Information shown ▸
▬▬▬

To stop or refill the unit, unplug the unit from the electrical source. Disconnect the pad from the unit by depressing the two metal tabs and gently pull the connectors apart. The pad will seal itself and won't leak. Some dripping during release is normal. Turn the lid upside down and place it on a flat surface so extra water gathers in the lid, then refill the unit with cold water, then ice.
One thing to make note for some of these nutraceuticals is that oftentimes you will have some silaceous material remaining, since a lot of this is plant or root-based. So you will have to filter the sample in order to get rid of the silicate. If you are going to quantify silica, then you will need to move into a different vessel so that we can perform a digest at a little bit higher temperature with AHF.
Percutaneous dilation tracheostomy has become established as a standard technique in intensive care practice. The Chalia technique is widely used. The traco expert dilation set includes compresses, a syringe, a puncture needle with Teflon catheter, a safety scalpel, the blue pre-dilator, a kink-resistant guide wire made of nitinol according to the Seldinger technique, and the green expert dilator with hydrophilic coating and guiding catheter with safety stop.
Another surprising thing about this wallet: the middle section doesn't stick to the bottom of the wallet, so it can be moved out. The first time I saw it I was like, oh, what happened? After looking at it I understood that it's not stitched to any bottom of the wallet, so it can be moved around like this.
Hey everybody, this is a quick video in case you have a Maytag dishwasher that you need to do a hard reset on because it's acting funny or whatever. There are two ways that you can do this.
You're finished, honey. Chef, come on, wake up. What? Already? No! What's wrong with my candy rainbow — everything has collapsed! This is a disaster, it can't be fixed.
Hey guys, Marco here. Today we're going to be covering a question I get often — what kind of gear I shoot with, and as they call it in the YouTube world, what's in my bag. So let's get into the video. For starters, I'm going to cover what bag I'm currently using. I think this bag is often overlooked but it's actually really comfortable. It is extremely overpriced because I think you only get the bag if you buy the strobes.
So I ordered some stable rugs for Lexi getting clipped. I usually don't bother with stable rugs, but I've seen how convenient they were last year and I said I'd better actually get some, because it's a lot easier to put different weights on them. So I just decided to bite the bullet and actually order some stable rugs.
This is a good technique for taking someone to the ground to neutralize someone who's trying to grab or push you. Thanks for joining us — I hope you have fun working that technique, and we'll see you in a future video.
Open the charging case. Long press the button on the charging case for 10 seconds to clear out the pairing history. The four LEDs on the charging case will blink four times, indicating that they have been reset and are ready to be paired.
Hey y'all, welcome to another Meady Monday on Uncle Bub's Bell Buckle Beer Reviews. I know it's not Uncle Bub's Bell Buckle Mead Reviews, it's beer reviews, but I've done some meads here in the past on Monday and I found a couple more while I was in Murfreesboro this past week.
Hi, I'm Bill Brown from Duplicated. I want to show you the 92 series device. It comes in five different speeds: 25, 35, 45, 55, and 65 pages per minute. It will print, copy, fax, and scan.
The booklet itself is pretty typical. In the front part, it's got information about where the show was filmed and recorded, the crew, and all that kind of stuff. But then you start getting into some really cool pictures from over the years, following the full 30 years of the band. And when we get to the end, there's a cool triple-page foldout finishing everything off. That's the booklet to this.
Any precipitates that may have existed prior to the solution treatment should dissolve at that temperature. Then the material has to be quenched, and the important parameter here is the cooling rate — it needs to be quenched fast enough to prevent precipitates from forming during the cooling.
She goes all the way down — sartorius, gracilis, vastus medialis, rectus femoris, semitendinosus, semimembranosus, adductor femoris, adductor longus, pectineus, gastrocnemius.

▬▬▬

Brief ▸
Keeping every word in place, restate the entries above.

Result below ▸
To stop or refill the unit, unplug the unit from the electrical source. Disconnect the pad from the unit by depressing the two metal tabs and gently pull the connectors apart. The pad will seal itself and won't leak. Some dripping during release is normal. Turn the lid upside down and place it on a flat surface so extra water gathers in the lid, then refill the unit with cold water, then ice.
One thing to make note for some of these nutraceuticals is that oftentimes you will have some silaceous material remaining, since a lot of this is plant or root-based. So you will have to filter the sample in order to get rid of the silicate. If you are going to quantify silica, then you will need to move into a different vessel so that we can perform a digest at a little bit higher temperature with AHF.
Percutaneous dilation tracheostomy has become established as a standard technique in intensive care practice. The Chalia technique is widely used. The traco expert dilation set includes compresses, a syringe, a puncture needle with Teflon catheter, a safety scalpel, the blue pre-dilator, a kink-resistant guide wire made of nitinol according to the Seldinger technique, and the green expert dilator with hydrophilic coating and guiding catheter with safety stop.
Another surprising thing about this wallet: the middle section doesn't stick to the bottom of the wallet, so it can be moved out. The first time I saw it I was like, oh, what happened? After looking at it I understood that it's not stitched to any bottom of the wallet, so it can be moved around like this.
Hey everybody, this is a quick video in case you have a Maytag dishwasher that you need to do a hard reset on because it's acting funny or whatever. There are two ways that you can do this.
You're finished, honey. Chef, come on, wake up. What? Already? No! What's wrong with my candy rainbow — everything has collapsed! This is a disaster, it can't be fixed.
Hey guys, Marco here. Today we're going to be covering a question I get often — what kind of gear I shoot with, and as they call it in the YouTube world, what's in my bag. So let's get into the video. For starters, I'm going to cover what bag I'm currently using. I think this bag is often overlooked but it's actually really comfortable. It is extremely overpriced because I think you only get the bag if you buy the strobes.
So I ordered some stable rugs for Lexi getting clipped. I usually don't bother with stable rugs, but I've seen how convenient they were last year and I said I'd better actually get some, because it's a lot easier to put different weights on them. So I just decided to bite the bullet and actually order some stable rugs.
This is a good technique for taking someone to the ground to neutralize someone who's trying to grab or push you. Thanks for joining us — I hope you have fun working that technique, and we'll see you in a future video.
Open the charging case. Long press the button on the charging case for 10 seconds to clear out the pairing history. The four LEDs on the charging case will blink four times, indicating that they have been reset and are ready to be paired.
Hey y'all, welcome to another Meady Monday on Uncle Bub's Bell Buckle Beer Reviews. I know it's not Uncle Bub's Bell Buckle Mead Reviews, it's beer reviews, but I've done some meads here in the past on Monday and I found a couple more while I was in Murfreesboro this past week.
Hi, I'm Bill Brown from Duplicated. I want to show you the 92 series device. It comes in five different speeds: 25, 35, 45, 55, and 65 pages per minute. It will print, copy, fax, and scan.
The booklet itself is pretty typical. In the front part, it's got information about where the show was filmed and recorded, the crew, and all that kind of stuff. But then you start getting into some really cool pictures from over the years, following the full 30 years of the band. And when we get to the end, there's a cool triple-page foldout finishing everything off. That's the booklet to this.
Any precipitates that may have existed prior to the solution treatment should dissolve at that temperature. Then the material has to be quenched, and the important parameter here is the cooling rate — it needs to be quenched fast enough to prevent precipitates from forming during the cooling.
She goes all the way down — sartorius, gracilis, vastus medialis, rectus femoris, semitendinosus, semimembranosus, adductor femoris, adductor longus, pectineus, gastrocnemius.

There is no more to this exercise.